The latest hint of a publication date came Monday in a U.S. Department of Justice memo to a federal appeals court that is hearing a challenge to the work authorization for H-1B spouses that was granted in 2015 under former President Barack Obama. Homeland Security has told lawyers in the case that the earliest possible publication date for the rule is spring 2020, but that this time-frame is “aspirational,” according to the memo.

Several previous pledges to publish the rule by specific dates have also proven aspirational: When Homeland Security in late 2017 first announced its plan to strip H-4 holders of the right to work, it set February 2018 as the publication date for the rule, and more delays have followed.

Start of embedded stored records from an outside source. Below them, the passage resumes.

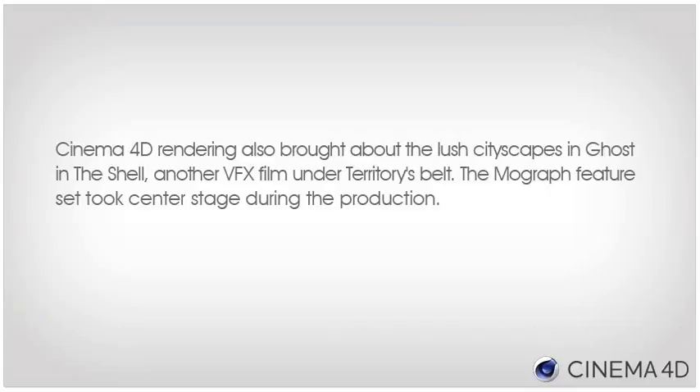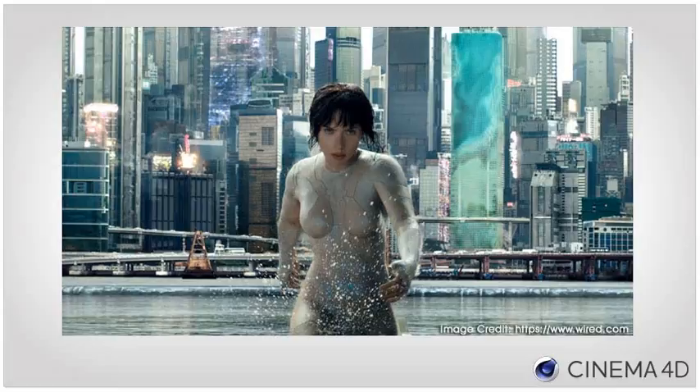Cinema 4D rendering also brought about the lush cityscapes in Ghost in the Shell, another VFX film under Territory's belt. The MoGraph feature set took center stage during the production. MoGraph proved to be indispensable for bringing our creative ideas to life, using the module to create the animated noise of the building wrappers that featured on the skyscrapers, really adding a vibrancy to the cityscape.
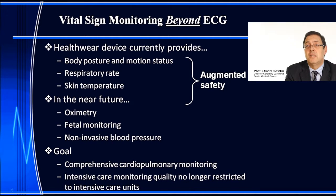What else does the HealthWatch device provide beyond ECG? It provides body posture and motion status, respiratory rate, and skin temperature — all helpful in augmenting patient safety. In the future, the HealthWatch team is working on embedding oximetry into the garment, a special garment for fetal monitoring of pregnant women, and a device for continuous non-invasive blood pressure monitoring.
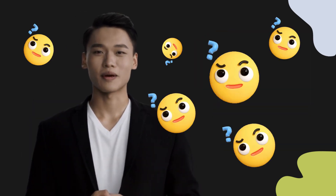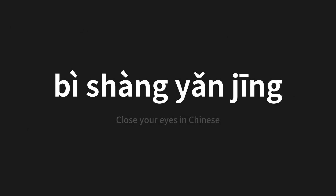Welcome to this pronunciation video. Today we will be focusing on a new word that you might find challenging or intriguing. So let's dive into today's word: 闭上眼睛, which means 'Close your eyes' in Chinese.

An estimated 100,000 foreign nationals, most of them women from India, would be affected by the work ban, University of Tennessee researchers have estimated. Many H-4 holders live and work in the Bay Area.

The H-4 visa has been drawn into controversy over the H-1B visa, which is intended for jobs requiring specialized skills. Major Silicon Valley technology firms rely heavily on the H-1B, and lobby for an expansion to the annual 85,000 cap on new visas, saying they need more of the visas to secure the world’s top talent. Critics point to reported abuses by outsourcing companies, and argue that outsourcers, and tech firms, use the H-1B to supplant U.S. workers and drive down wages. The administration of President Donald Trump has taken aim at the H-1B, and dramatically increased denials, especially for outsourcers.

The Department of Justice sent the memo to the clerk of the U.S. Court of Appeals in Washington, D.C., regarding a lawsuit by former technology workers against Homeland Security. The workers claim they were replaced at utility Southern California Edison by H-1B workers, and that H-4 holders compete against the tech workers in the job market, without statutory authority to work.

Homeland Security, according to the memo, wants oral arguments in that case to be put on hold as it brings the proposed work-ban rule to the publication stage. Publication is expected to trigger a public-comment period.